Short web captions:
- Opening Delimiter -
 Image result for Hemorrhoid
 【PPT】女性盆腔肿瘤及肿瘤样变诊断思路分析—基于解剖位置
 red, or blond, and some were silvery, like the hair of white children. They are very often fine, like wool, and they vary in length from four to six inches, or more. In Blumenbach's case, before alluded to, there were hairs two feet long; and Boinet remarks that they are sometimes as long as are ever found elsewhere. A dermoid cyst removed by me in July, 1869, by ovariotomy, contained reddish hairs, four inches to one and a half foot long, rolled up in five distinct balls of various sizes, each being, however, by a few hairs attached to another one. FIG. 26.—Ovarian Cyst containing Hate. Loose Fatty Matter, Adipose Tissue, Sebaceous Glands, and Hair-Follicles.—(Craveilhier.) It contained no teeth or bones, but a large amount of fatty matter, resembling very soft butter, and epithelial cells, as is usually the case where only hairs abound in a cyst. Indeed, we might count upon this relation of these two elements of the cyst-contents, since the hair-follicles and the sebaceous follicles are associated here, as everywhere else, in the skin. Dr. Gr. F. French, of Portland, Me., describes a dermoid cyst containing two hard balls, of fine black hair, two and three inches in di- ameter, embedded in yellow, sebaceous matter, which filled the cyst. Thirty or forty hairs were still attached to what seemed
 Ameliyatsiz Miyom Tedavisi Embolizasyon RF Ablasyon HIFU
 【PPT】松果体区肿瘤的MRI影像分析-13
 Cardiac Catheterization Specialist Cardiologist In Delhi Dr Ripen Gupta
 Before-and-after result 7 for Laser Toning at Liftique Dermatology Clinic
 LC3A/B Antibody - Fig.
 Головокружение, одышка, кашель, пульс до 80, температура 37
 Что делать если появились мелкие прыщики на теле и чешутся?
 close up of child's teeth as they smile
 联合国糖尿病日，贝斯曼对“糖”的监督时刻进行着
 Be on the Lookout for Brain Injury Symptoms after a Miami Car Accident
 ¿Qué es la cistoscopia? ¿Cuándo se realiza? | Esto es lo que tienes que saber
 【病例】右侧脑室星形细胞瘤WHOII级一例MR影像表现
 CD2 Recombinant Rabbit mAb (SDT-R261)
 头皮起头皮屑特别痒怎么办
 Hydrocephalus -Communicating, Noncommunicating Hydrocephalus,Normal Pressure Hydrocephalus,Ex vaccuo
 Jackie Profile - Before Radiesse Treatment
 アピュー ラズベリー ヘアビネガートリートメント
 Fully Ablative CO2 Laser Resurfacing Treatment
- Closing Delimiter -
Copy out the entries. Leave every line exactly as it is.

### Completed task
 Image result for Hemorrhoid
 【PPT】女性盆腔肿瘤及肿瘤样变诊断思路分析—基于解剖位置
 red, or blond, and some were silvery, like the hair of white children. They are very often fine, like wool, and they vary in length from four to six inches, or more. In Blumenbach's case, before alluded to, there were hairs two feet long; and Boinet remarks that they are sometimes as long as are ever found elsewhere. A dermoid cyst removed by me in July, 1869, by ovariotomy, contained reddish hairs, four inches to one and a half foot long, rolled up in five distinct balls of various sizes, each being, however, by a few hairs attached to another one. FIG. 26.—Ovarian Cyst containing Hate. Loose Fatty Matter, Adipose Tissue, Sebaceous Glands, and Hair-Follicles.—(Craveilhier.) It contained no teeth or bones, but a large amount of fatty matter, resembling very soft butter, and epithelial cells, as is usually the case where only hairs abound in a cyst. Indeed, we might count upon this relation of these two elements of the cyst-contents, since the hair-follicles and the sebaceous follicles are associated here, as everywhere else, in the skin. Dr. Gr. F. French, of Portland, Me., describes a dermoid cyst containing two hard balls, of fine black hair, two and three inches in di- ameter, embedded in yellow, sebaceous matter, which filled the cyst. Thirty or forty hairs were still attached to what seemed
 Ameliyatsiz Miyom Tedavisi Embolizasyon RF Ablasyon HIFU
 【PPT】松果体区肿瘤的MRI影像分析-13
 Cardiac Catheterization Specialist Cardiologist In Delhi Dr Ripen Gupta
 Before-and-after result 7 for Laser Toning at Liftique Dermatology Clinic
 LC3A/B Antibody - Fig.
 Головокружение, одышка, кашель, пульс до 80, температура 37
 Что делать если появились мелкие прыщики на теле и чешутся?
 close up of child's teeth as they smile
 联合国糖尿病日，贝斯曼对“糖”的监督时刻进行着
 Be on the Lookout for Brain Injury Symptoms after a Miami Car Accident
 ¿Qué es la cistoscopia? ¿Cuándo se realiza? | Esto es lo que tienes que saber
 【病例】右侧脑室星形细胞瘤WHOII级一例MR影像表现
 CD2 Recombinant Rabbit mAb (SDT-R261)
 头皮起头皮屑特别痒怎么办
 Hydrocephalus -Communicating, Noncommunicating Hydrocephalus,Normal Pressure Hydrocephalus,Ex vaccuo
 Jackie Profile - Before Radiesse Treatment
 アピュー ラズベリー ヘアビネガートリートメント
 Fully Ablative CO2 Laser Resurfacing Treatment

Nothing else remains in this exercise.